Quels horizons géopolitiques pour la cybercriminalité ?
Driss RAOUH : Le printemps arabe a été favorisé par l’utilisation massive des moyens de communication. Twitter, Facebook, Youtube et autres nous ont permis de suivre en temps réel les révoltes et d’agir en conséquence. Les autorités ont été dépassées par ce qui se passait dans le cyberespace, difficile à neutraliser. Internet est aujourd’hui intégré dans la stratégie de sécurité et de défense des puissances internationales. Les Etats-Unis sont en avance sur le reste du monde en matière de stratégie du cyberespace qui englobe aussi bien les secteurs économique, diplomatique et militaire. Il ne faut pas oublier de citer les organisations intégristes comme Al-Qaïda ou Daech qui utilisent massivement les technologies nouvelles et les réseaux sociaux pour leur propagande et pour le recrutement des jeunes.
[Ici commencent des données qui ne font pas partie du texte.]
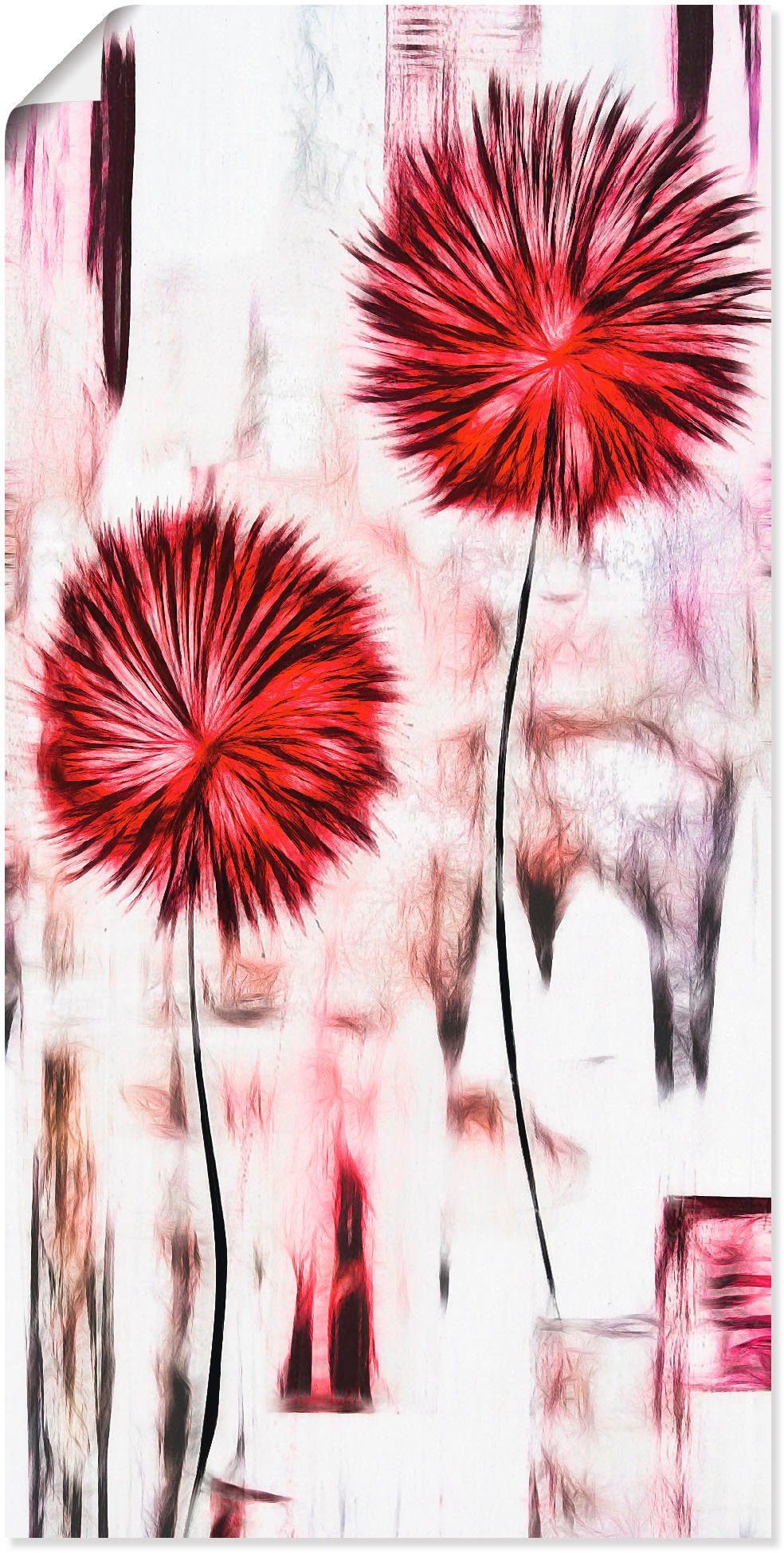 versch. Wandaufkleber Alubild, in als (1 Artland Poster Leinwandbild, Blumen oder Größen St), rot Blumen, Wandbild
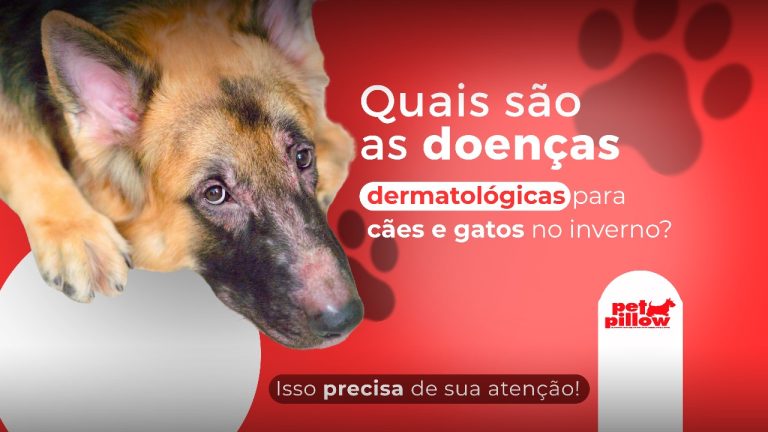 Quais são as doenças dermatológicas para cães e gatos no inverno?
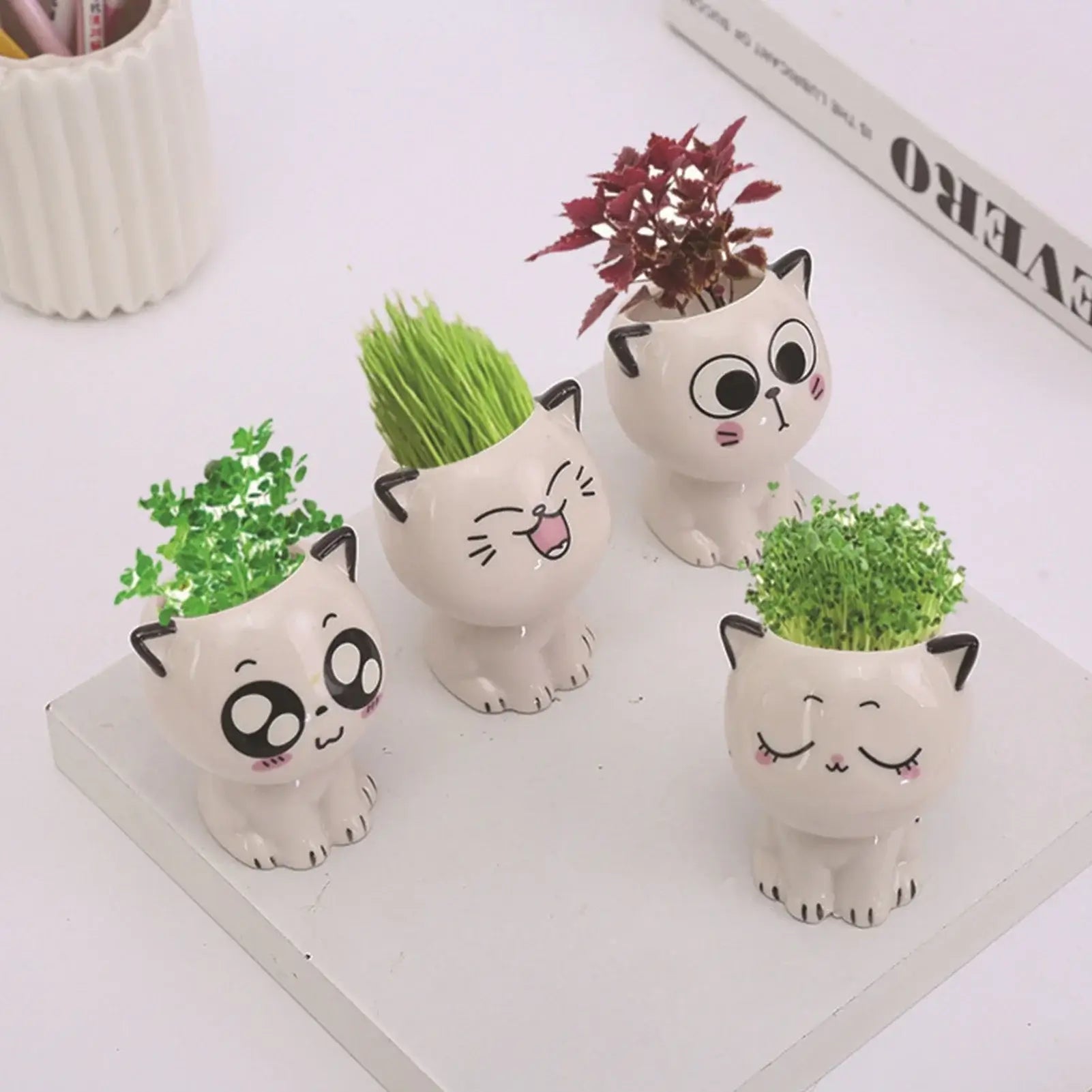 cat shaped succulent pot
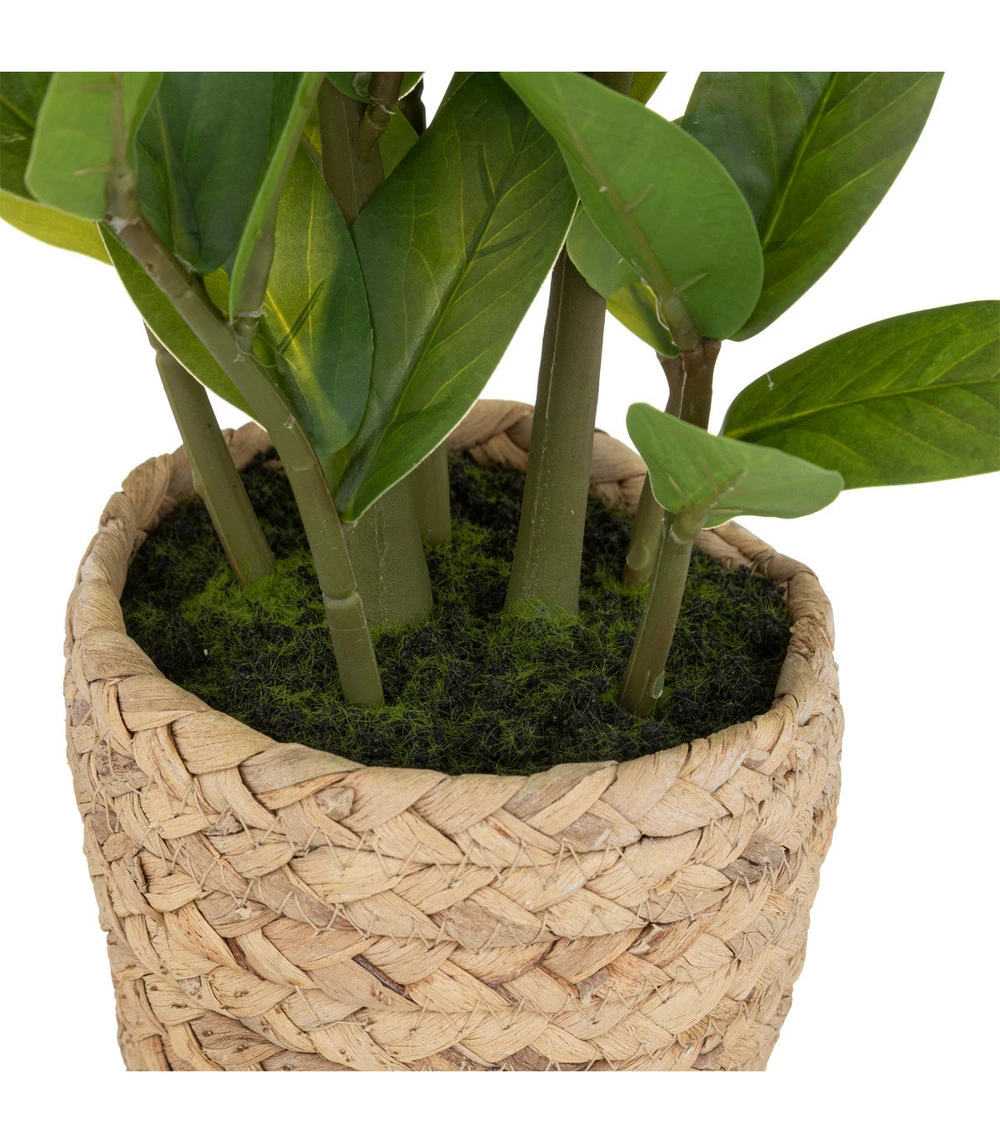 ATMOSPHERA Plante Artificielle Zamio En Pot H 41 Cm 5 ATMOSPHERA Plante Artificielle Zamio En Pot H 41 Cm – Image 3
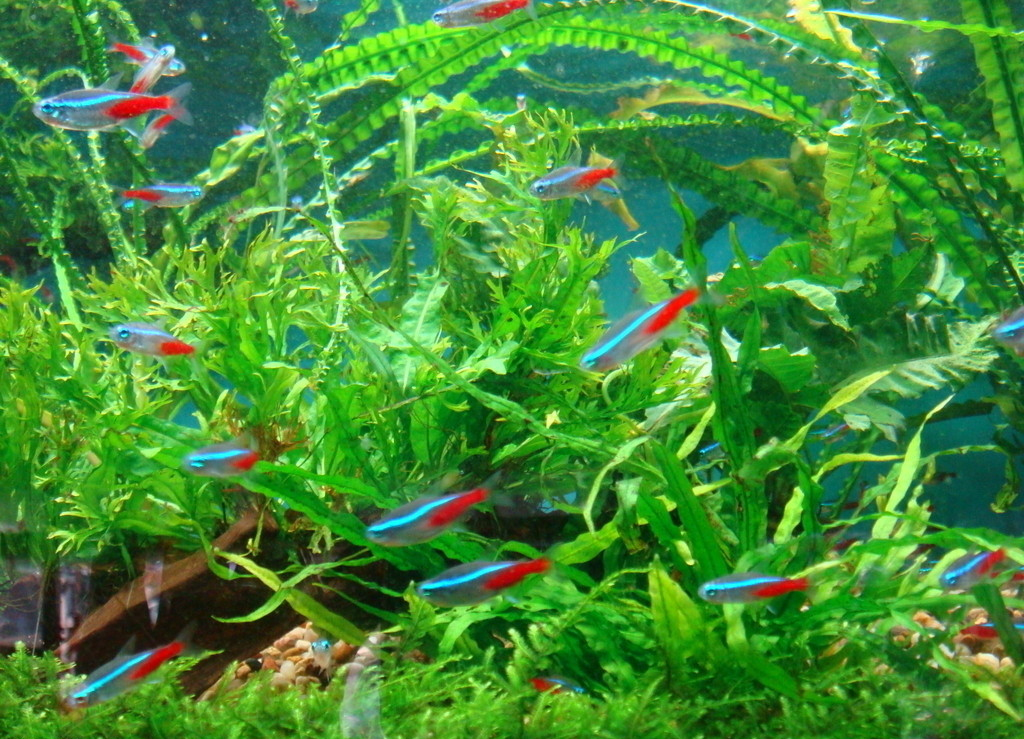 红绿灯鱼养殖方法和注意事项,海水观赏鱼皇后神仙适合新手吗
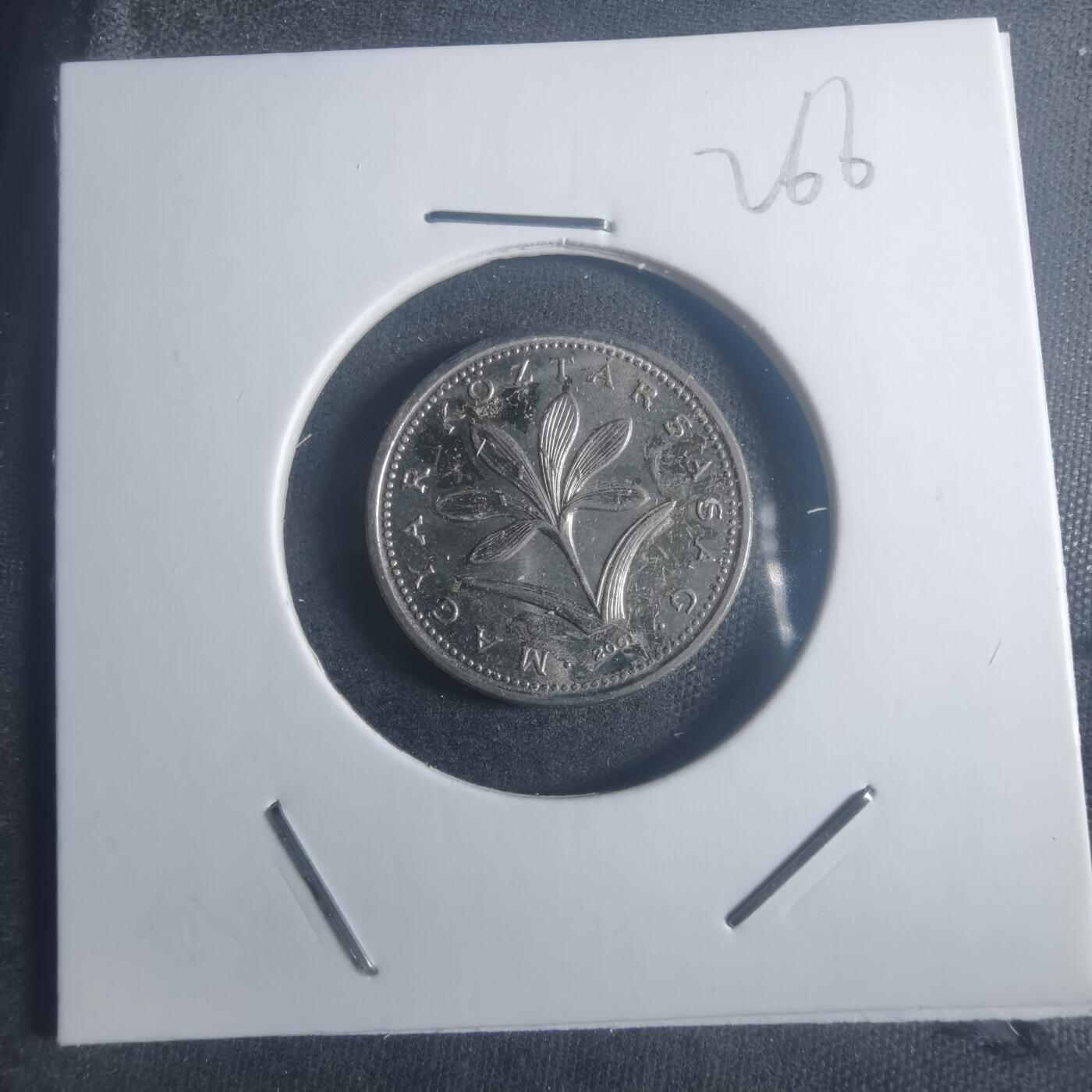 沼泽如烟--第900场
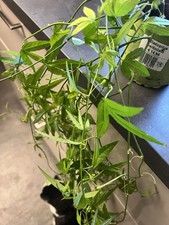 Rar Bananen-Tumbo Curuba -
La technique ne saurait donc fournir la sécurité ?
Driss RAOUH : Les protections techniques sont nécessaires, mais pas suffisantes. La coopération internationale et la mobilisation de tous les acteurs, du citoyen à l’Etat, sont requises.
Un mot pour conclure…
Driss RAOUH : Lutter contre la cybercriminalité est un enjeu majeur pour le monde actuel. L'arsenal juridique doit constamment s'adapter à cette criminalité organisée et internationale utilisant les ressources des technologies numériques et Internet comme cibles ou vecteurs d'infraction. L'esprit du Web, basé sur le partage de l'information, banalise l'outil informatique et génère des failles largement exploitées par les cyberdélinquants pour usurper des identités, voler des données personnelles, voire créer des marchés parallèles. Notre pays est en danger. Les failles touchent l'administration et nos infrastructures clé. Elles constituent des menaces pour notre sécurité nationale, publique et économique. Il faut que la cybersécurité soit un chantier prioritaire et passe du stade défensif à celui offensif. La création d’une structure civile placée à un haut niveau devient une nécessité. Elle aura pour vocation la centralisation des informations et de la coordination entre les services civils et militaires. Elle disposera également d’un centre de documentation chargé de recueillir des statistiques spécifiques afin de les analyser. Cette structure jouera un rôle opérationnel en prévention des phénomènes d’un caractère sensible et de dimension internationale. Elle signalera, dans le cadre de son opération de veille, les contenus illicites sur Internet. Elle apportera une assistance technique aux profits du secteur public ou privé. Elle sera également chargée de la formation et de la sensibilisation. Cette structure assurera, sur le plan international, les relations avec Interpol (High Tech Crime), Europol (AWF), la Commission Européenne (ExpertGroup) et le G8 (Criminalité High Tech) et mettra en place une plateforme de signalements. Tel est mon dessein et j’espère que j’aurai un jour l’occasion de revenir sur ce projet.